Seeker of Truth

Ruminations of One Suspended between Catholic Christianity and Scientific Utopianism

Name:
Location: Washington, United States

Tuesday, August 01, 2006

Doubts and Some Certainty

The singularity of the incarnation of God as Jesus the Nazarene, at a given time and place, that is not easy to accept. Why then, why there, why the jews? Why not India or China, advanced cultures at the time? Rome? Same as above. America? Africa? What do they lack that the Middle East has?
Why did Jesus only teach for the last few years of his short life on earth? Why did he not say more, make things clearer, explain that this is not just about the Jewish people being wayward once again? The few things he left are so subject to interpretation...
But then there is the Holy Spirit, the Church, and a tradition without which nothing would go. And I realize that a document the size of the Encyclopedia Britannica would not be large enough to avoid doubts, misinterpretation and heresy.
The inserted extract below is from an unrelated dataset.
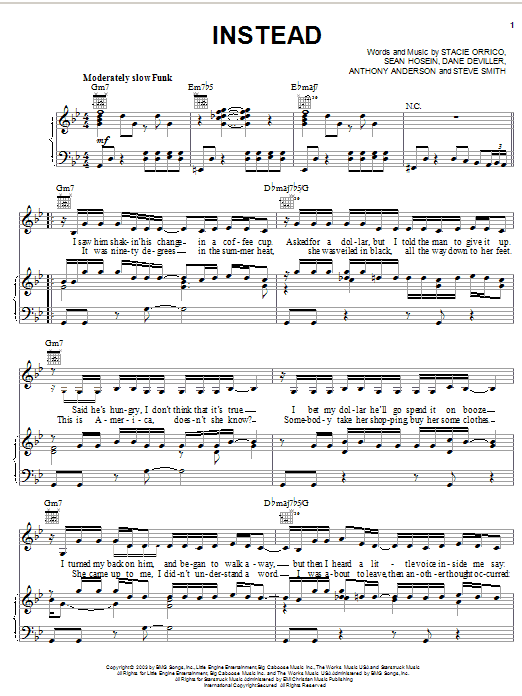 Learn to play Stacie Orrico Instead sheet music for Piano, Vocal & Guitar Chords (Right-Hand Melody) in minutes. Price: 7.8900$ Stacie Orrico Instead sheet music notes and chords arranged for Piano, Vocal & Guitar Chords (Right-Hand Melody)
And if, through Divine might, it was written so unambiguously as to avoid all that, then there would by corollary be no true free will. Only a complete fool would then be able to doubt in God and hence act in a sinful way. No faith, no hope, no charity, no virtue at all. Big brother is watching, therefore we better all be good.
I am learning to except the miraculous, the scientifically unthinkable: That God came to us, walked among us, left his imprint on our world, gave us enough to find our way home. More than enough, maybe.